The FTSE Custom Global AI-Selected Index tracked by the ETF demonstrates excellent balanced characteristics. From the inception in 2022 to now, the index's Sharpe ratio is 1.02, a number higher than 1, reflecting its risk-adjusted return performance with good cost-effectiveness. In terms of returns, as of April 30, 2026, the index's annualized return has slightly exceeded the Nasdaq 100 index (.NDX.US) since inception, while significantly outperforming the Hang Seng Tech Index. Compared with the Hang Seng Tech Index, it shows clear advantages in both total returns and Sharpe ratio.

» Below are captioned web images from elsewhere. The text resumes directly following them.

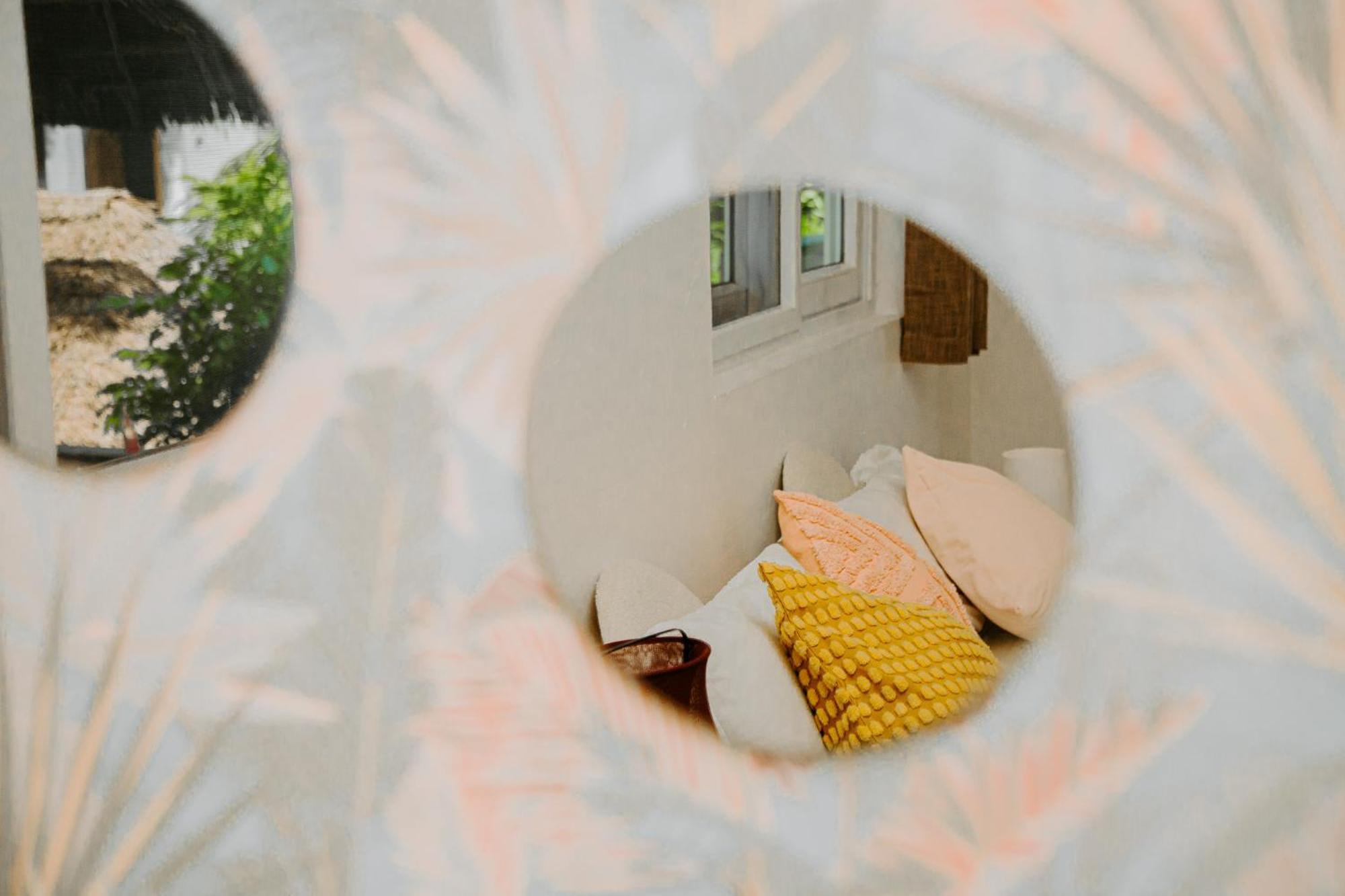 לינה וארוחת בוקר גאמביאני Ocean Boho House מראה חיצוני תמונה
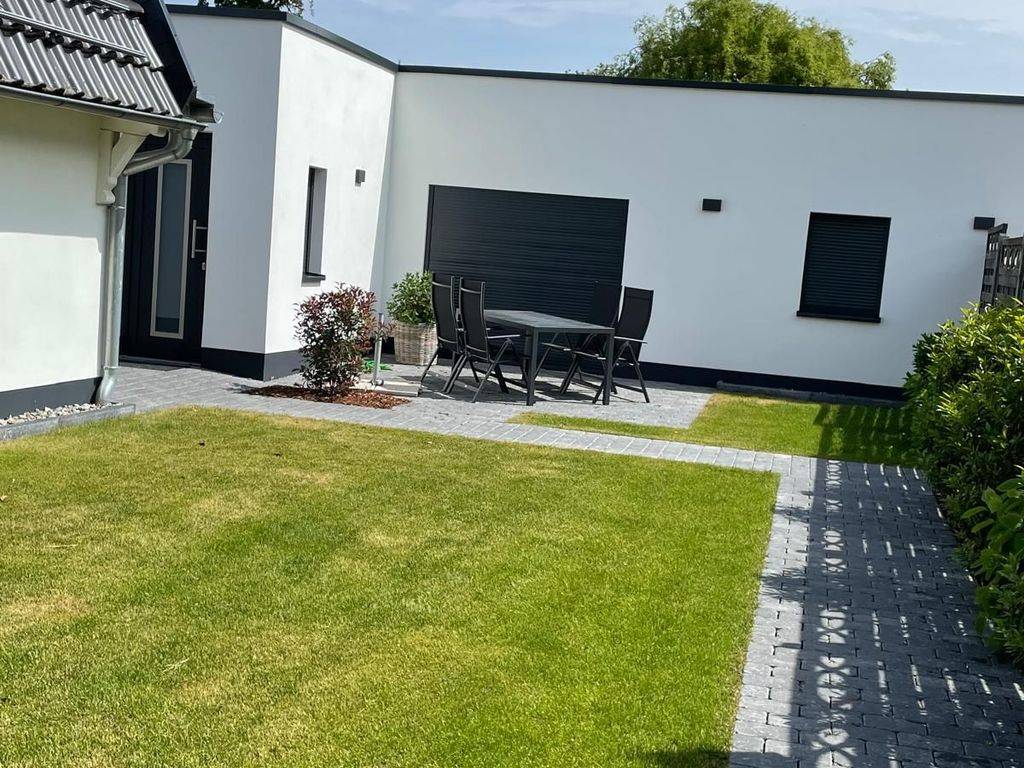 59 M² Ferienhaus ∙ 2 Schlafzimmer ∙ 4 Gäste - Rerik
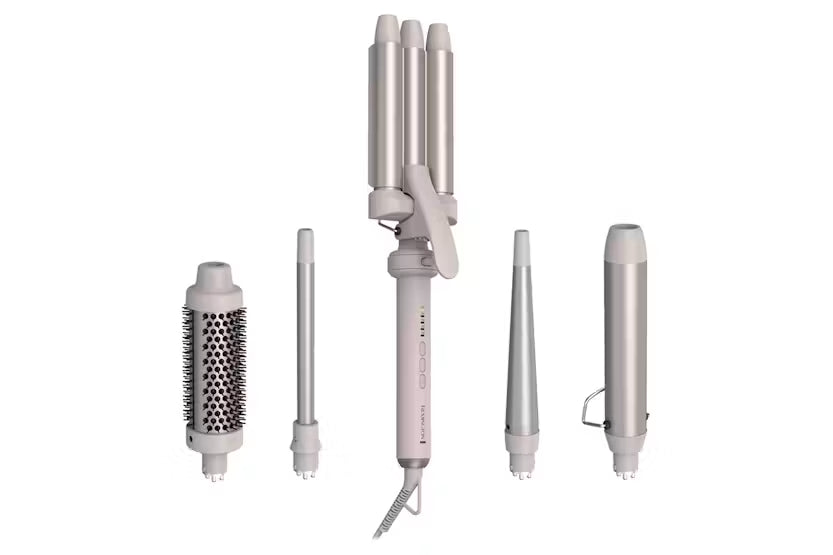 Remington Trendology™ 5-in-1 Multi Styler - Stone | CI41MS5U51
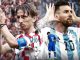 Semifinal Piala Dunia Qatar 2022: Peperangan Nomor 10 dari Argentina dan Kroasia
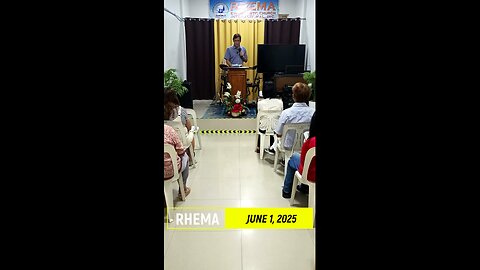 Benefits of Communion | JUNE 1, 2025 | PastorB.
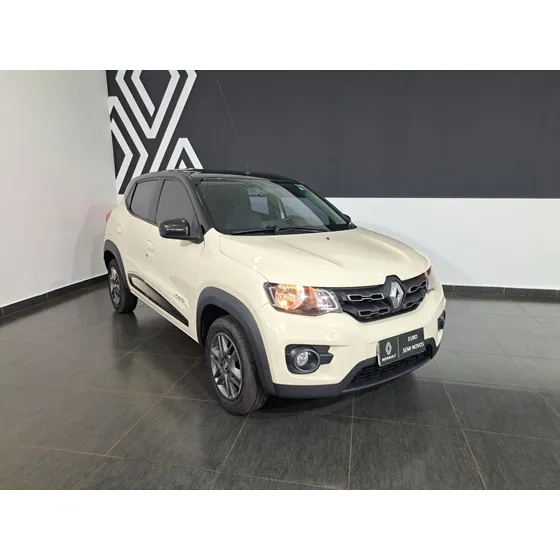 Renault Kwid 1.0 12v Sce Flex Intense Manual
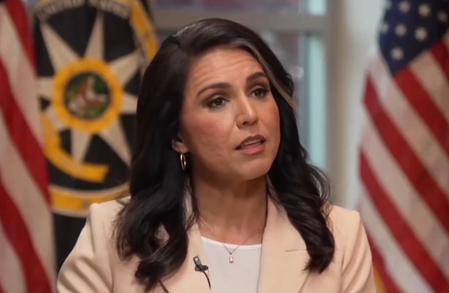 Tulsi Gabbard releases declassified documents alleging Fauci influenced Covid origin assessments Tulsi Gabbard releases declassified documents alleging Fauci influenced Covid origin assessments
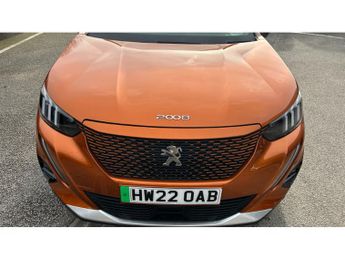Peugeot 2008 100kW GT Premium 50kWh 5dr Auto Electric Estate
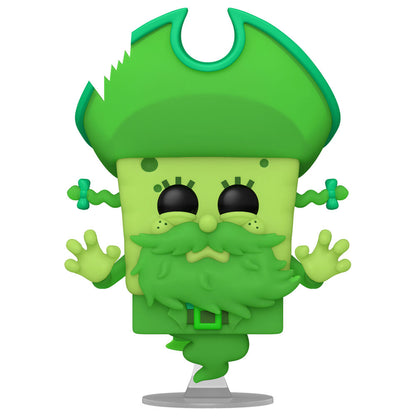 POP figure SpongeBob Search for Squarepants SpongeBob as the Flying Dutchman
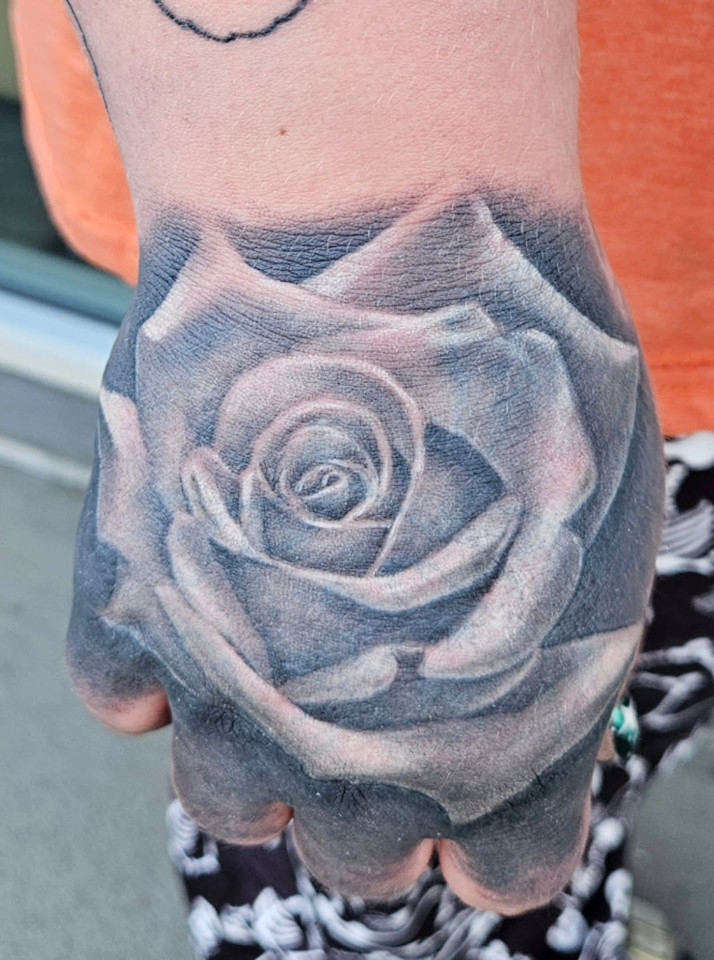 Hand Cover Up & Sleeve Starter — Clay Walker Hand Cover Up & Sleeve Starter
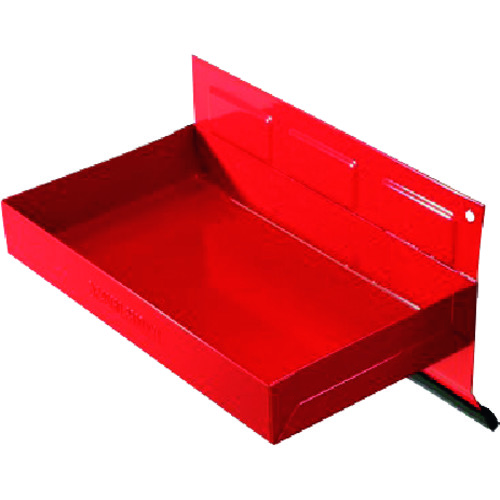 トラスコ中山 アストロプロダクツ マグネットサイドトレー 210MM 201-2298 (ご注文単位1個) 【直送品】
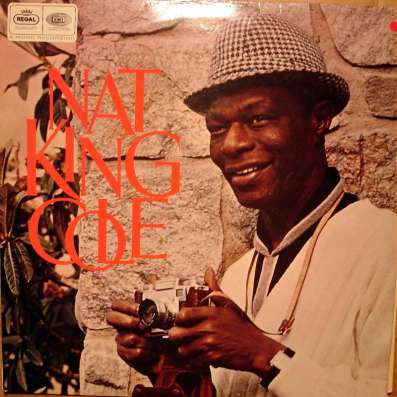 Nat King Cole ‎– Nat King Cole (UK)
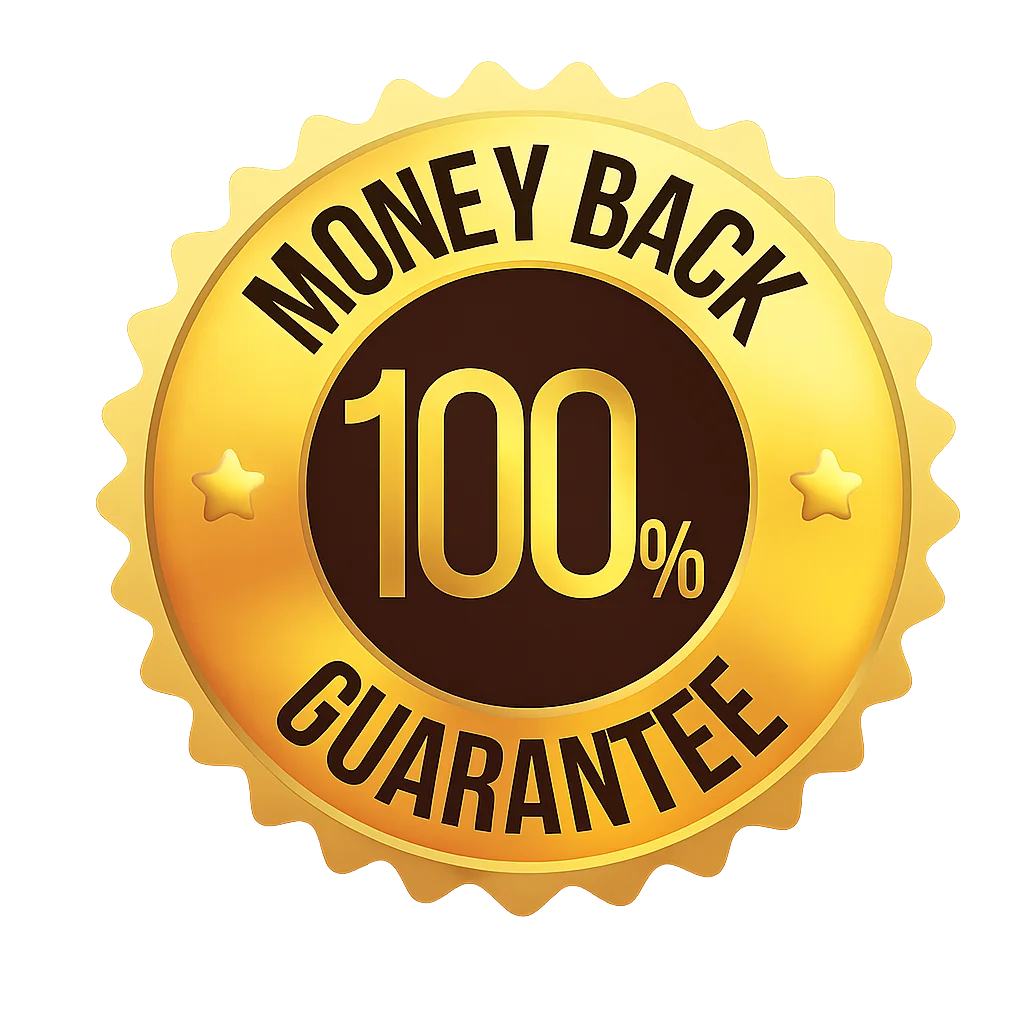 KlaroNail Money Back Gurantee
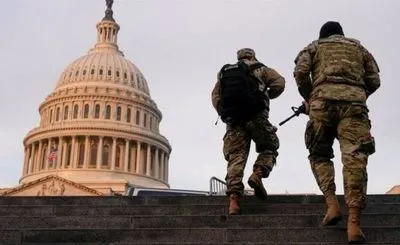 Власти США обеспокоены кражей военной формы перед инаугурацией Байдена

According to media reports, as of May 21, 2026, the FTSE Custom Global AI-Selected Index's performance since the beginning of the second quarter has been 20.0%.
(Note: The above is only an objective display of the historical performance of the reference index. Past index performance does not predict future fund returns, and should not be used as investment advice. Please be aware of the risks associated with index fluctuations. Actual returns of the fund are affected by management fees and tracking errors, and may differ from index performance, so investors should pay attention.)
The E Fund AI ETF (03489) is a thematic ETF focusing on the global AI industry chain, helping investors to comprehensively deploy the entire AI race, while covering leading companies in both the Chinese and US markets. Investors do not need to focus solely on the Hang Seng Tech Index (800700) or the Nasdaq Composite Index (.IXIC.US), but can broadly allocate key areas such as AI computing power, models, infrastructure, and applications. In the AI wave, whether it's the Hang Seng Index (800000), the S&P 500 Index (.SPX.US), or other major markets, semiconductor and AI-related companies are important beneficiaries, providing a balanced and efficient way of allocation, allowing investors to more comprehensively grasp long-term growth opportunities in AI. english:Please provide more context for me to better help with the translation.Je ne parle pas trs bien l'anglais.